Computers Can’t Do Everything
I go through an ardous process every year of setting up students in various research labs for their senior research project. This year, I have a colleague to split the tasks. We ask students to email with whom they would like to interview with prior to the school start and then we go through setting up a rapid interview process for the first day of class. All of this scheduling could certainly be automated and save a lot of grief. However, the process of matching students into these labs is NOT straightforward.
You would think a simple matrix in which a #1 student selection and a #1 professor selection would result in a match would be easy to do. However, as my colleague found out this week, the personalities involved makes everything much more complicated and most matches aren’t a 1 to 1…. Despite the drama that usually ensues after the match list is posted, most faculty are absolutely fine with the students they match with.
After two weeks of appeasing and placing, we have a final match list.

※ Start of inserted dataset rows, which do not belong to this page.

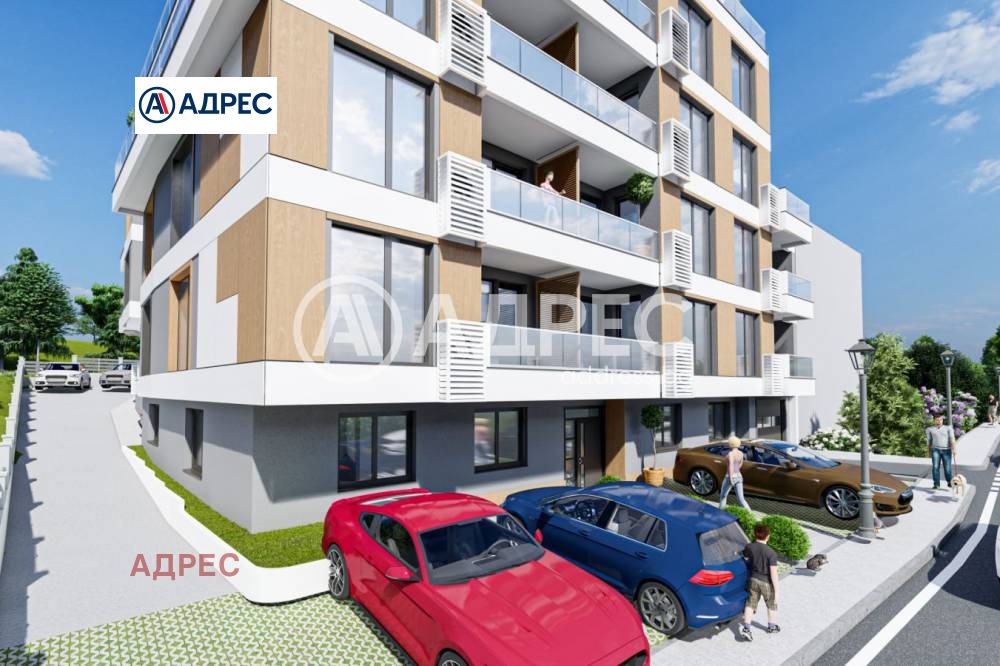 Продава 3-СТАЕН, гр. Варна, м-т Сотира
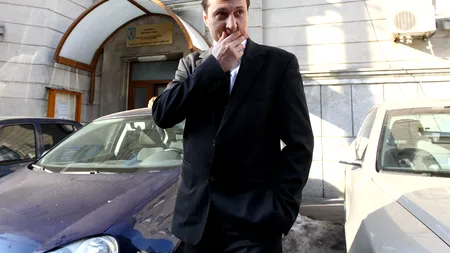 Fostul deputat PDL Dan Păsat află pe 12 decembrie dacă intră sau nu în pușcărie. UPDATE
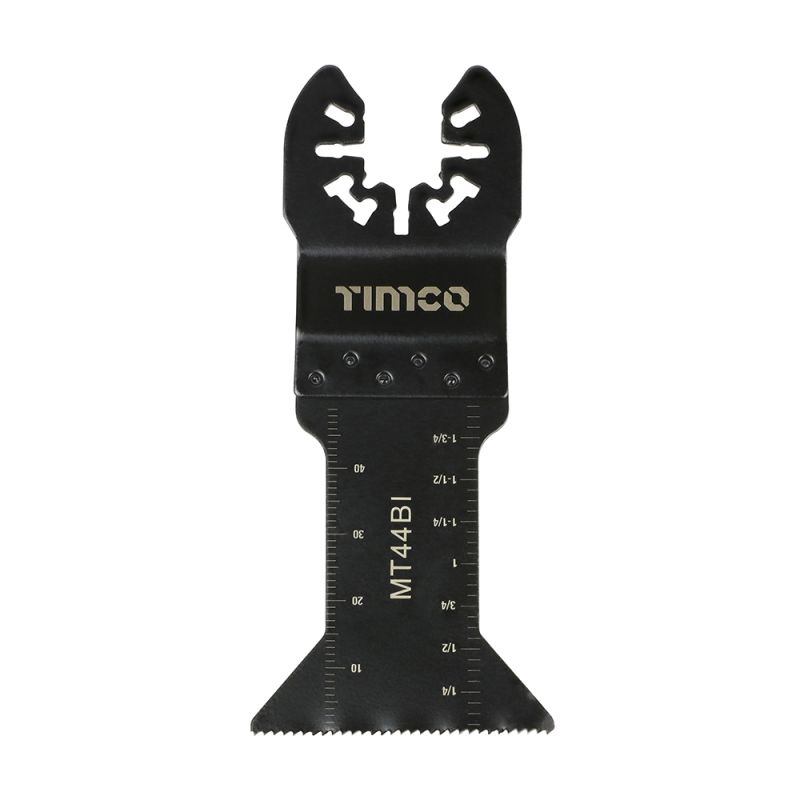 Premium MTool Blade Straight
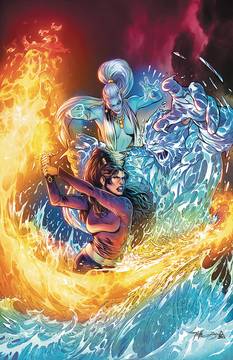 Grimm Fairy Tales: Dance Of The Dead #  5 of 6 (Zenescope Comics 2017)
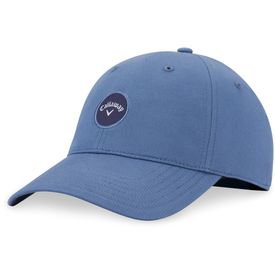 Heritage Twill Hat - 2025 Model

I didn’t realize just how much personality does affect our matching process until I had to give the Cole’s notes on each supervisor to my colleague. Without getting myself into trouble, all I can say is that it is pertinent to know the politics and personalities in order to produce a perfectly matched group. Unless I can come up with a smart program to generate all of these scenarios, a computer program will never do for this particular task.
Two weeks of my working life are gone, devoted to lab matching. It is a task that doesn’t show up on my Annual Performance Evaluation (like many of the things that I do as part of my job). However, now I have someone else who understands the time and effort this job takes and for that I am thankful. Computers can do a lot, but this is a particular instance where I know they can’t do everything.